• _TASK GOAL_: Would you return exactly the lines below from the line with "Rare antique solid" through the line with "Golf Humor On", both included, and nothing else, leaving out the pictures?

• _DATA FOR PROCESSING_:
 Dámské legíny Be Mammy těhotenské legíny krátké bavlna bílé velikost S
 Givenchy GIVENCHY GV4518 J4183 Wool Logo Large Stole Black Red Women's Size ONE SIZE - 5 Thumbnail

--

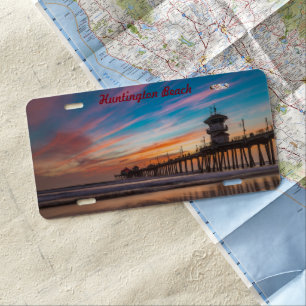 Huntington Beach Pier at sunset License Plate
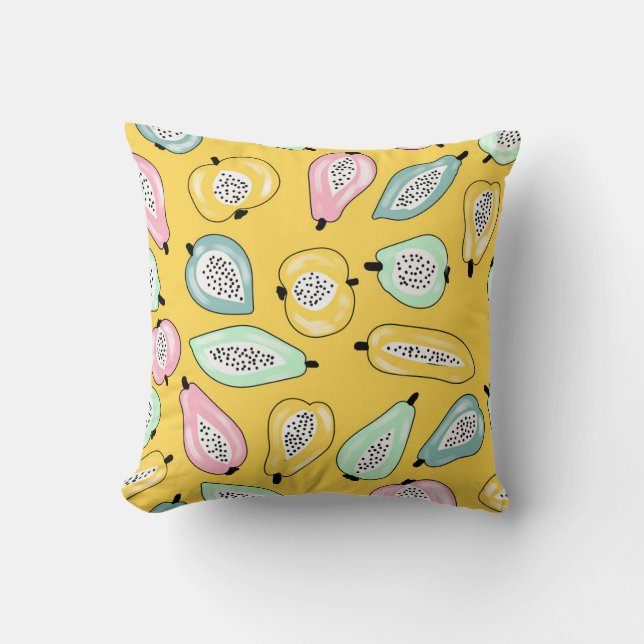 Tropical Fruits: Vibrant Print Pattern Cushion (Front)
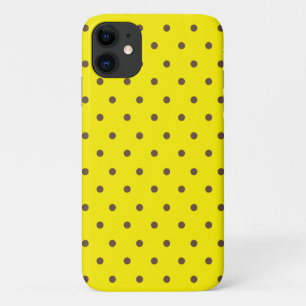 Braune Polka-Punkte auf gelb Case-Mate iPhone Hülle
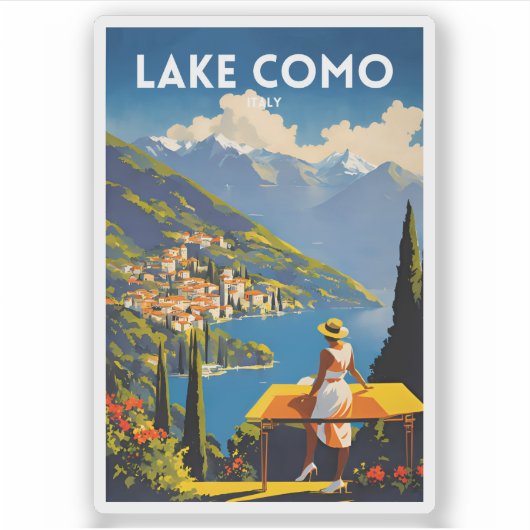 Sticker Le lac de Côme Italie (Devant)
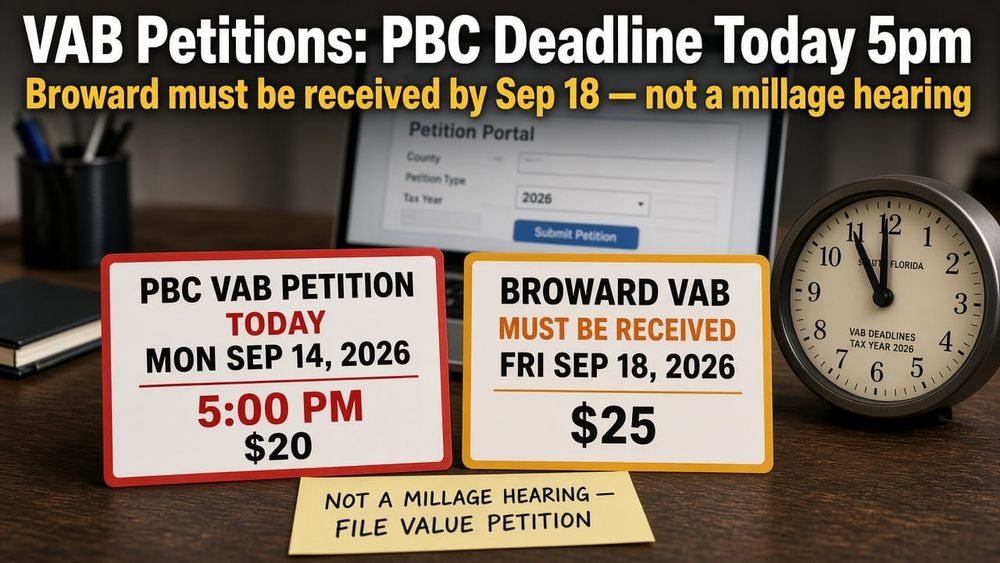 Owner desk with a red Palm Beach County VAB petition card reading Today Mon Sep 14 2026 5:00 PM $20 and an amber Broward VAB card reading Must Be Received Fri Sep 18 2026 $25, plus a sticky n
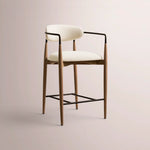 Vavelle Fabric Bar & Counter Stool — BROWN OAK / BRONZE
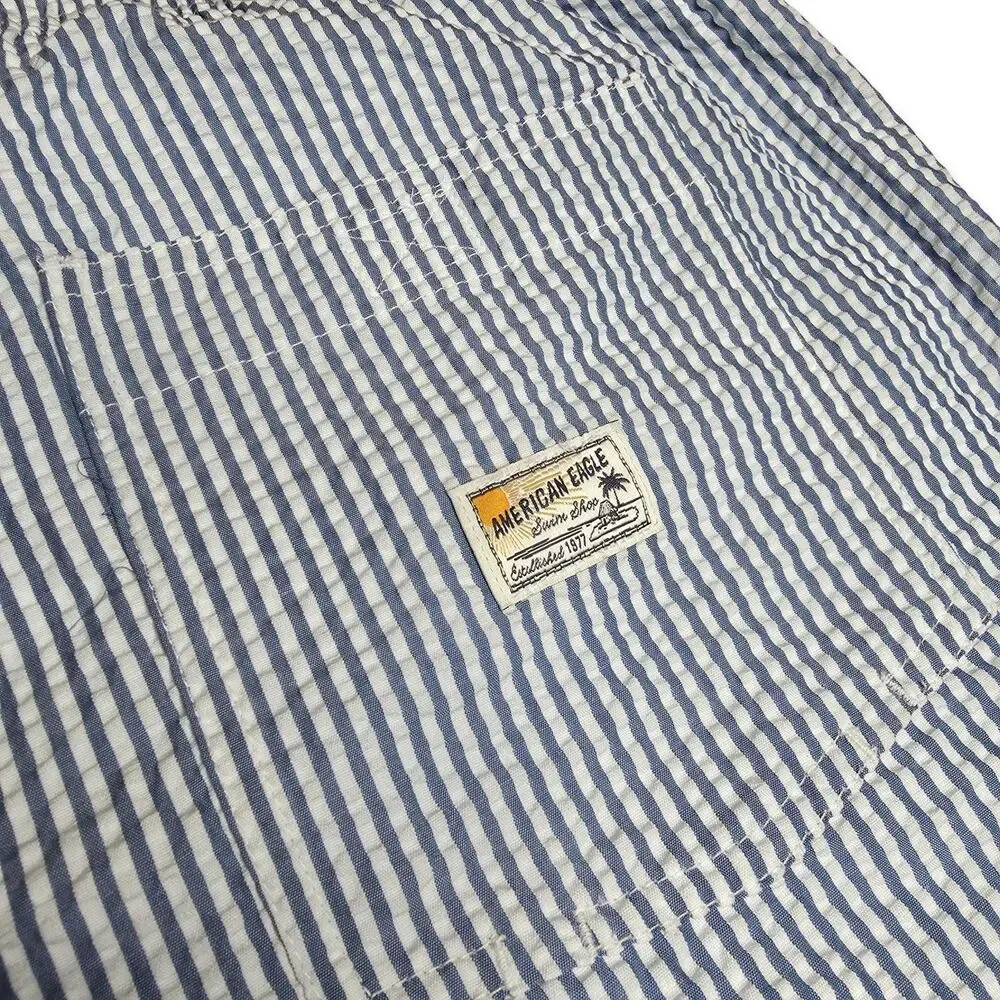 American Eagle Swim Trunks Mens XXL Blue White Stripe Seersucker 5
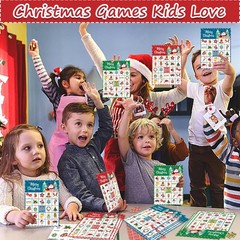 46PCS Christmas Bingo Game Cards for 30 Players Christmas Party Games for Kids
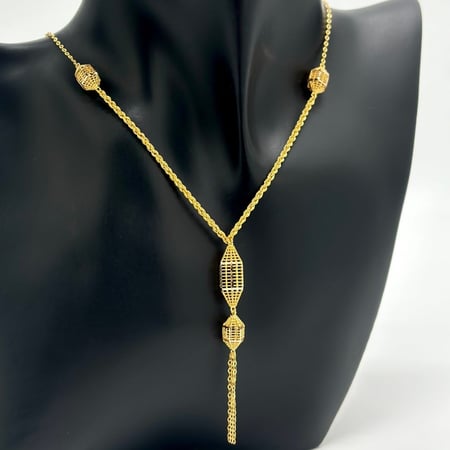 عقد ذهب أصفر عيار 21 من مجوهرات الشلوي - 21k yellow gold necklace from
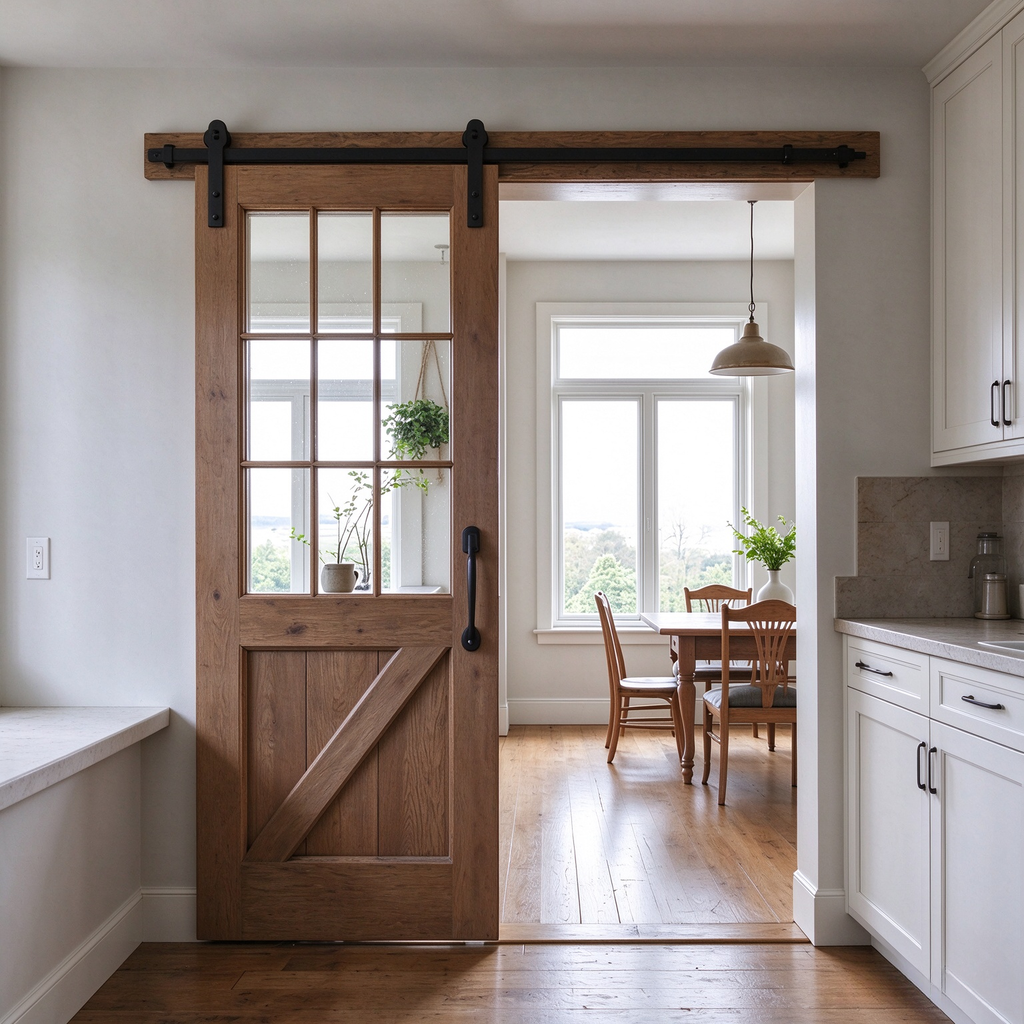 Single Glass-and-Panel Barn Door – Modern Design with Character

...

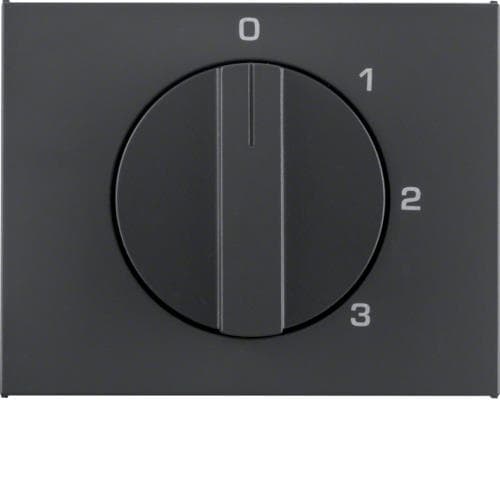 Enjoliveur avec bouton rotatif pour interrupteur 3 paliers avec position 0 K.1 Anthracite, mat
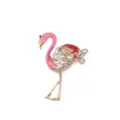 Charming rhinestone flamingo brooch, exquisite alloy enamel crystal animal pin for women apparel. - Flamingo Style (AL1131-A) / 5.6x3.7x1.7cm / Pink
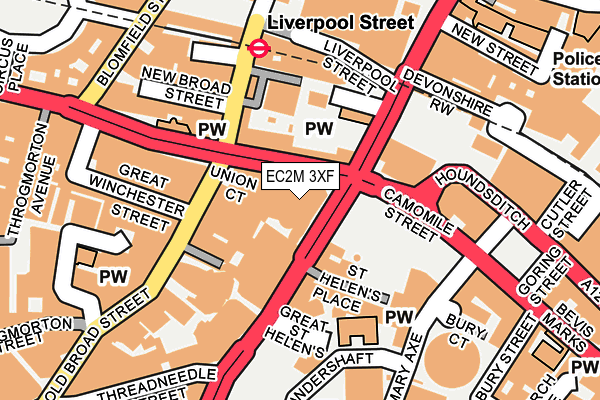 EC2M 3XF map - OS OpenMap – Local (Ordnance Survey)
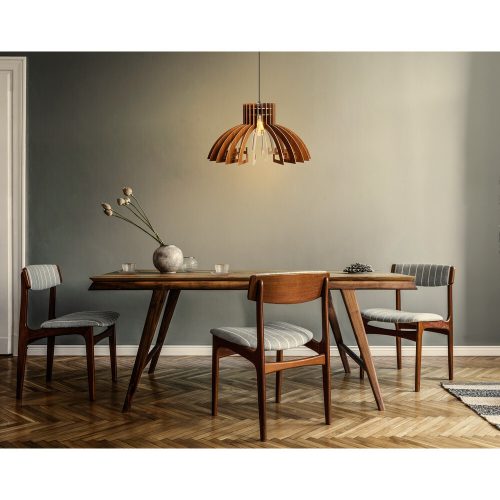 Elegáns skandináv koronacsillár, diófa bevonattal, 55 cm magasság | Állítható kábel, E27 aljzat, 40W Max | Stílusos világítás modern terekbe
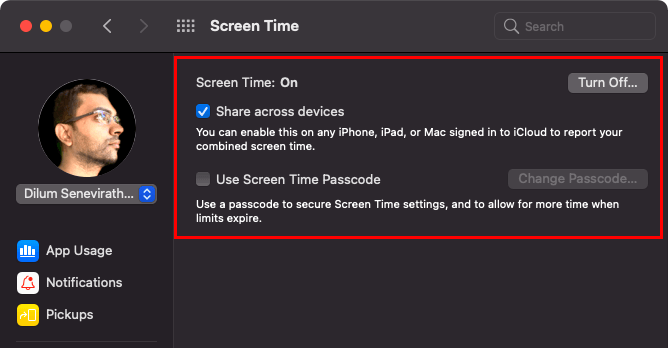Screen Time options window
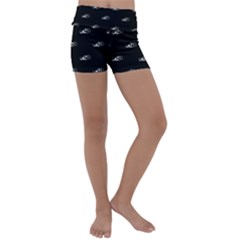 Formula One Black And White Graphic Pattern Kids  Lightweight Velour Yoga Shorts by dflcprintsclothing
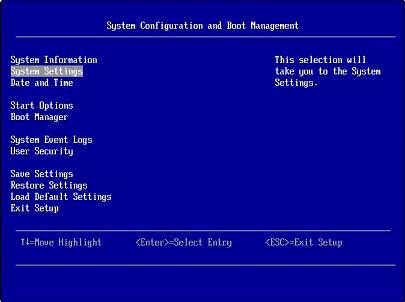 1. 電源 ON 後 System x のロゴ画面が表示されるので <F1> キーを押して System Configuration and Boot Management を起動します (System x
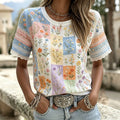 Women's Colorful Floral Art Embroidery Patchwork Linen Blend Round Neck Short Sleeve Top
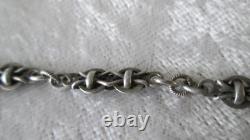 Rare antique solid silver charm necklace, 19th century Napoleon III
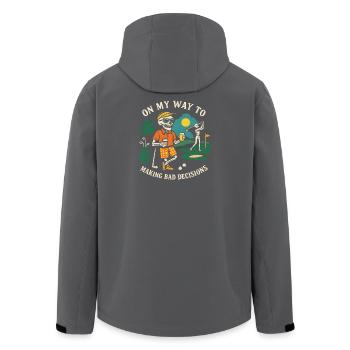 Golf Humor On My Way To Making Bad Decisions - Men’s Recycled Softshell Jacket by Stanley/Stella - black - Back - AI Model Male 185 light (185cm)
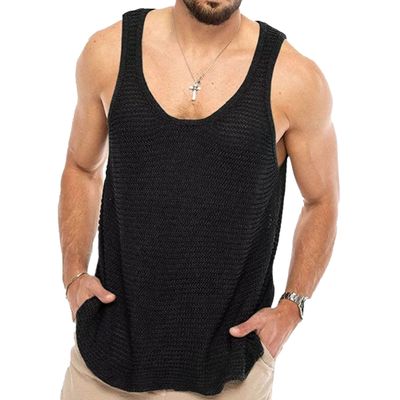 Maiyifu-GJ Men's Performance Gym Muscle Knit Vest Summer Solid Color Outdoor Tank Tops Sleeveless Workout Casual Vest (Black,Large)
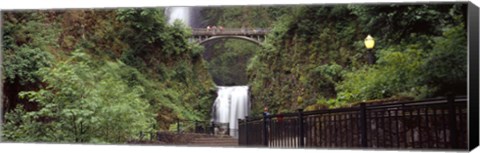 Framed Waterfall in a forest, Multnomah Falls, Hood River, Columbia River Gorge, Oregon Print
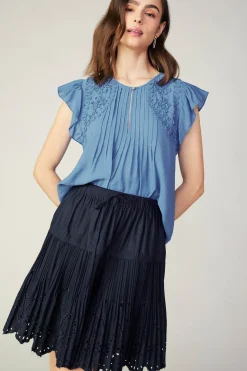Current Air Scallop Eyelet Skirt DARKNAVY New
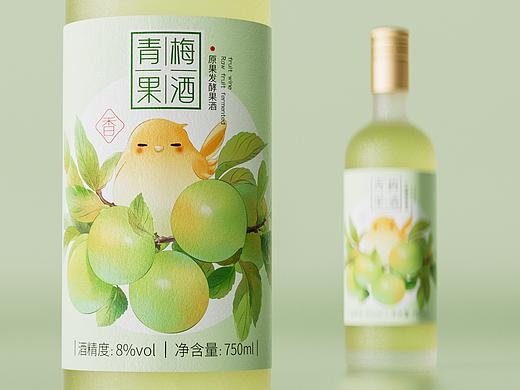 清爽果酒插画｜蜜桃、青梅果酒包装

• _SOLVED EXERCISE_:
 Rare antique solid silver charm necklace, 19th century Napoleon III
 Golf Humor On My Way To Making Bad Decisions - Men’s Recycled Softshell Jacket by Stanley/Stella - black - Back - AI Model Male 185 light (185cm)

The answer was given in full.